Заместитель мэра машинально бросил взгляд в открытую дверь и тут же пожалел об этом. На большом столе, обитом нержавейкой, лежало то, что еще три часа назад было его непосредственным начальником. Уже ехали обратно, а перед глазами Виктора все стояла изуродованная жестоким свинцом голова Гринева. И поневоле ему вспомнилась их последняя встреча.
Спирин знал, что должно было произойти, и работать не мог. Бумаги с утра лежали нетронутыми, на телефонные звонки он отвечал нехотя, чаще просил перезвонить на днях, отменил запланированную встречу. Просто сидел и ждал. Наконец открылась дверь, Виктор как раз смотрел на часы, ровно одиннадцать, на пороге стоял мэр. Гриневу этой весной стукнуло пятьдесят шесть, высокого роста, широкоплечий, с абсолютно седой, белоснежной шевелюрой, Анатолий Петрович был, как говорят, мужик еще в силе, заядлый рыбак и охотник. За десятилетия руководящей деятельности он выработал, нарочито простоватую манеру держаться. Ходил неторопливо, чуть враскачку, любил держать одну руку в кармане брюк, вот как теперь, на людей поглядывал исподлобья, но с доброжелательной улыбкой. Единственное, что ему не удалось сохранить, так это лицо. В молодости он был красавцем, Спирин видел его фотографии: курносый парень с широким, чисто русским лицом. Но затем Анатолий Петрович сразу резко постарел. Уже при первой встрече Спирин подумал, что Гриневу скоро на пенсию, а это было семь лет назад. Изрезанное морщинами, с большими мешками под глазами, с мелкими красными прожилками, это лицо словно состояло из кусков скверно сложенной мозаики. Такова была расплата за вечную нервотрепку начальственной деятельности, за три пачки сигарет, выкуриваемых Гриневым за день, и за неумеренное потребление сорокоградусного чисто русского средства для снятия стресса.

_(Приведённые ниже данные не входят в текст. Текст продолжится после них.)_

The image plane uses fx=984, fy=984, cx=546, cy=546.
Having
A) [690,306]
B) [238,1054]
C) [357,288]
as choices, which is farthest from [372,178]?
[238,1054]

— Витенька, — ласковым голосом начал мэр, — я поеду на обед, буду после двух. Я попросил Ангелину переводить все звонки на тебя.

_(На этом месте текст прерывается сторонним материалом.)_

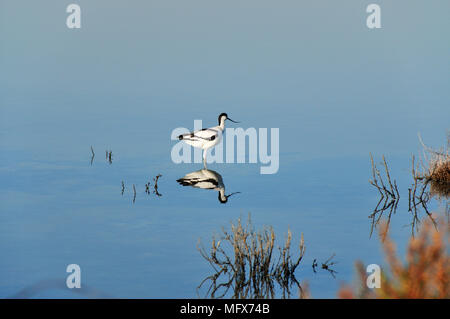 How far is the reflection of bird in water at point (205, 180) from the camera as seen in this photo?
1432 cm

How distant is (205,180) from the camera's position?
14.7 m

— Хорошо, Анатолий Петрович, — бодро ответил Спирин и внезапно почувствовал, как спина покрылась холодным потом. Между тем Гринев чуть подмигнул ему и, сделав на прощание «ручкой», закрыл за собой дверь.
Виктор знал, куда едет мэр. Строительство «охотничьего» домика курировал он сам. Да и саму идею Гриневу подсказал он же. Хотя тот с ним никогда этим не делился, но Виктор знал о маленькой «слабости» господина мэра. Особую радость тому почему-то доставляли связи с молодыми, замужними женщинами. Об этом Анатолий Петрович проговорился ему сам, на свадьбе сына. Глядя на танцующую молодежь, уже изрядно поддатый Гринев обернулся к подсевшему на минутку Спирину и сказал с ухмылкой:
— Молодежь, пляшут. Они ведь нас, стариков, уже и за людей не считают, — потом наклонился поближе и закончил уже смеясь. — А я им в ответ — рога!
И он даже попробовал изобразить на своей голове подобие лосиных украшений.